Task objective — Every entry must come back exactly as it was given.

---------- Given data ----------

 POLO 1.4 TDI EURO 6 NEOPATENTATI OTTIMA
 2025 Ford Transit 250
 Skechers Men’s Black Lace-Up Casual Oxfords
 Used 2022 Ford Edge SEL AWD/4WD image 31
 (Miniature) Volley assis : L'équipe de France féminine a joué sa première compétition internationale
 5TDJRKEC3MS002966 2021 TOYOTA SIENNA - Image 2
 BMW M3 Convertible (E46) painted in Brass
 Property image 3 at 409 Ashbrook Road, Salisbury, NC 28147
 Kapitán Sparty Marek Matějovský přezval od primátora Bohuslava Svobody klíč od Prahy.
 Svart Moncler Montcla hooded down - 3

----------

Exercise result —
 POLO 1.4 TDI EURO 6 NEOPATENTATI OTTIMA
 2025 Ford Transit 250
 Skechers Men’s Black Lace-Up Casual Oxfords
 Used 2022 Ford Edge SEL AWD/4WD image 31
 (Miniature) Volley assis : L'équipe de France féminine a joué sa première compétition internationale
 5TDJRKEC3MS002966 2021 TOYOTA SIENNA - Image 2
 BMW M3 Convertible (E46) painted in Brass
 Property image 3 at 409 Ashbrook Road, Salisbury, NC 28147
 Kapitán Sparty Marek Matějovský přezval od primátora Bohuslava Svobody klíč od Prahy.
 Svart Moncler Montcla hooded down - 3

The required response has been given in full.